The Zimbabwe National Traditional Healers’ Association (Zinatha) says it plans to meet Police Commissioner-General Augustine Chihuri to demand the arrest of members of the police allegedly working in cahoots with witch-hunters commonly known as anatsikamutanda.
Zinatha spokesperson Jennifer Mawuzhendi on Tuesday told NewsDay that the witch-hunters were a disgrace to traditional healers and brought the name of the organisation into disrepute.
“We are engaging the police commissioner over such activities. Our concern and question is why would police clear cattle in such illegal activities?” Mawuzhendi asked.
“Police members who cleared the cattle during these activities and the chief who allowed these tsikamutanda in their areas must be probed and arrested,” she said.
“The activities are illegal and villagers are being duped.” she said.
Mawuzhendi said Zinatha president Gordon Chavunduka would meet Chihuri soon over the matter.
She said the bogus witch-hunters used fake names, which made it difficult for them to be identified wherever they went.
Mawuzhendi alleged one Maguranyanga had run away from the Domboshawa area on the outskirts of Harare recently after Zinatha learnt of his activities and made a report to the police.
“Police wanted to arrest him and he ran away, only to hear of him causing havoc in Zvishavane.

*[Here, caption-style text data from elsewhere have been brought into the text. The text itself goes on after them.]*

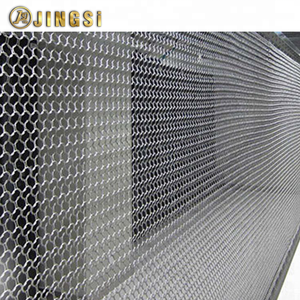 Thép không gỉ chuỗi mail Vòng lưới cho phân vùng tường tốc độ cao mở rộng kim loại Khắc Máy ép trái cây Sàng thép không gỉ - Product Image 6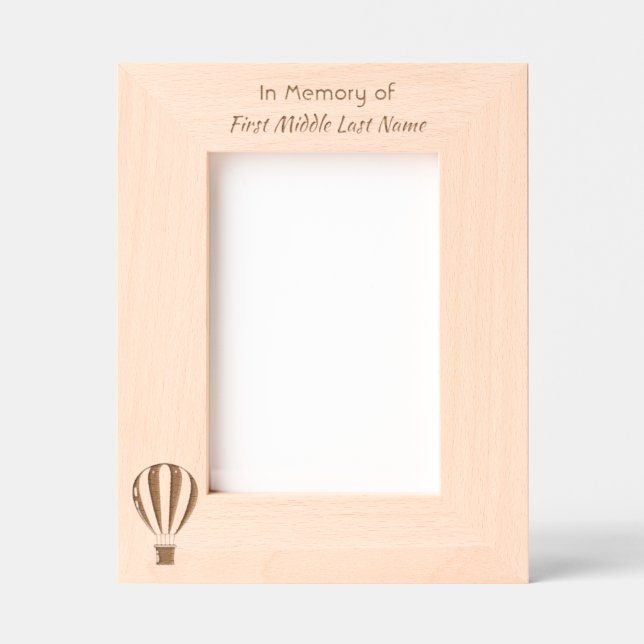 Hot Air Balloon  Memorial Keepsake  (Front)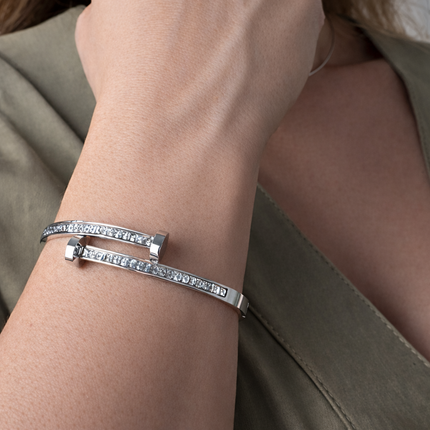 Armreif mit zweilagigem Zirkonia - wasserfest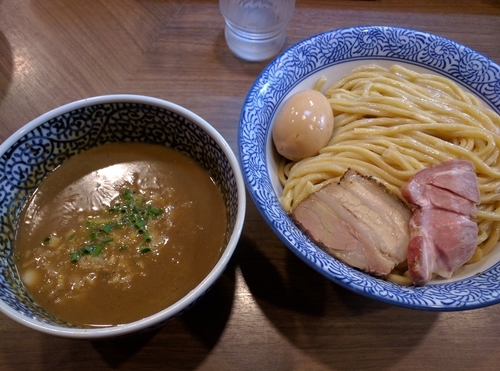 「味玉極濃煮干しつけ麺　大盛」@煮干しつけ麺 宮元の写真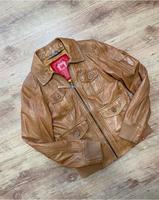 EDC Lederjacke Gr. M Braun cognac Bayern - Neunburg Vorschau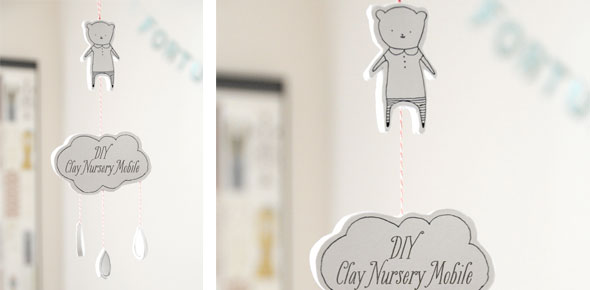 baby room,mobile,baby,decoration,bear,cly,polymer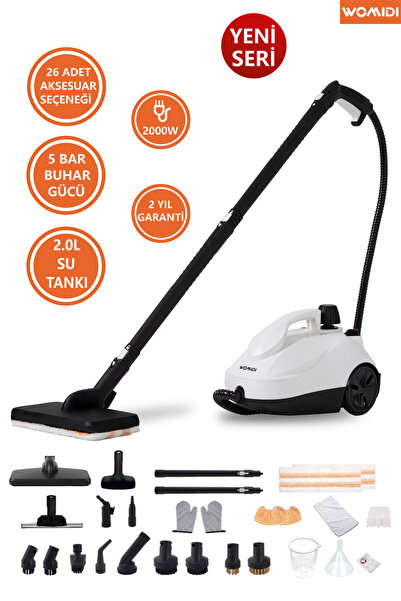 womidi SW618-D Çok Fonksiyonlu 28 Parça Buharlı Temizleyici Paspas - Buharlı ...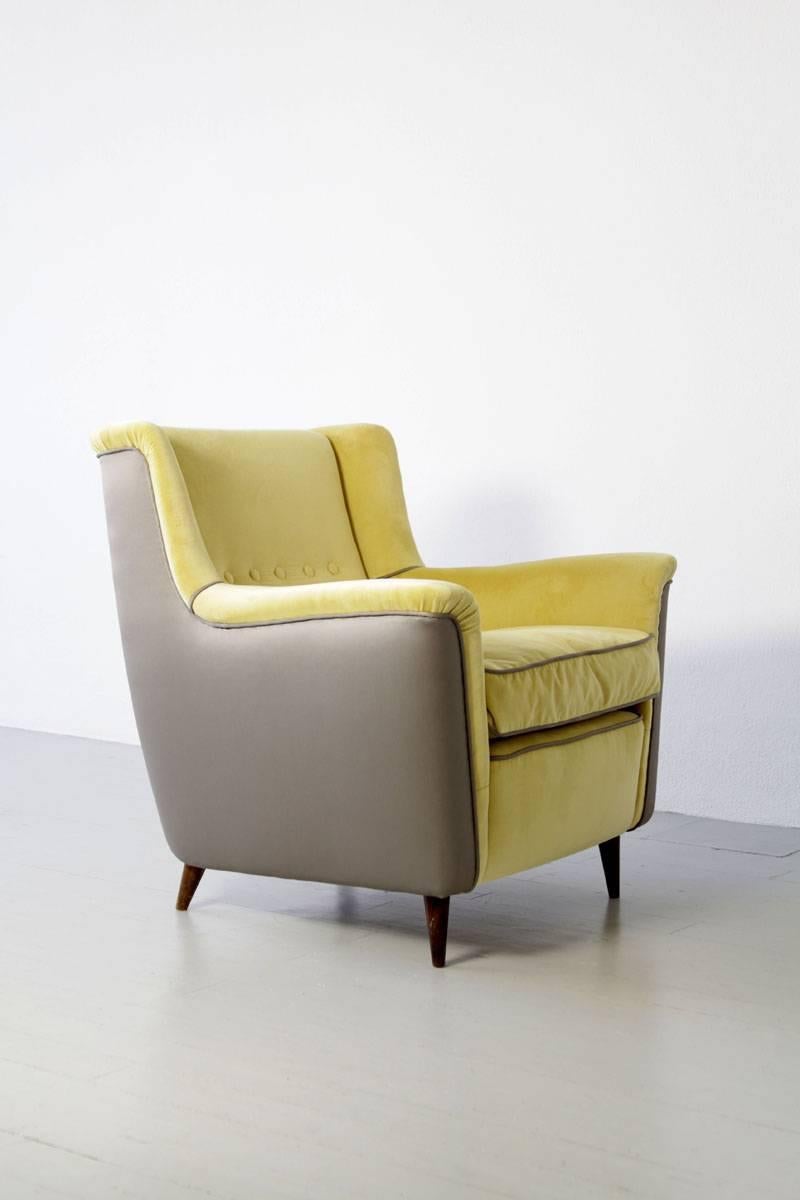 Paar Cassina-Stühle, Modell 809, Design Figli de Amadeo dei Cassina, 1958 im Angebot 4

Maguranyanga is not his real name. According to our investigations, his name is Emmanuel,” said Mawuzhendi.
The association called on the police to investigate and arrest the witch-hunters, traditional leaders and police members allegedly implicated in the activities.

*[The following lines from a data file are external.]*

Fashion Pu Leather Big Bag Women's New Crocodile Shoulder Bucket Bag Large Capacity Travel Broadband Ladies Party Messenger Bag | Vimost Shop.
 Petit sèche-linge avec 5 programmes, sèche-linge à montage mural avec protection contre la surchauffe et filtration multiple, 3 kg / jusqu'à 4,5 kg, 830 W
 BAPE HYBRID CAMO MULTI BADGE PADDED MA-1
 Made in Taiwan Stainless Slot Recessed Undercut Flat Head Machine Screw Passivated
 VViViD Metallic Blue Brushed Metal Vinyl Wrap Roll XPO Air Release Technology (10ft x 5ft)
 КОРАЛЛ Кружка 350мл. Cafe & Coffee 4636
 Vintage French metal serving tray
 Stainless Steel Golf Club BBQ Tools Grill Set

On Tuesday police denied allegations that members of the force were clearing cattle used by villagers in Zvishavane to pay the self-styled traditional healers.
Midlands police spokesperson Inspector Patrick Chademana said it was not true that police were involved in such activities saying police would instead arrest the culprits.
Headman Samuel Venge Shiku and some kraal heads in Zvishavane on Friday confirmed anatsikamutanda namely Gaurani, Maguranyanga and Ngwenya, were “cleansing” Zvishavane villages of witchcraft and evil spells since last year.
Those accused of witchcraft are reportedly made to pay two beasts for exorcism while “victims” were charged a beast or less depending on their level of affliction.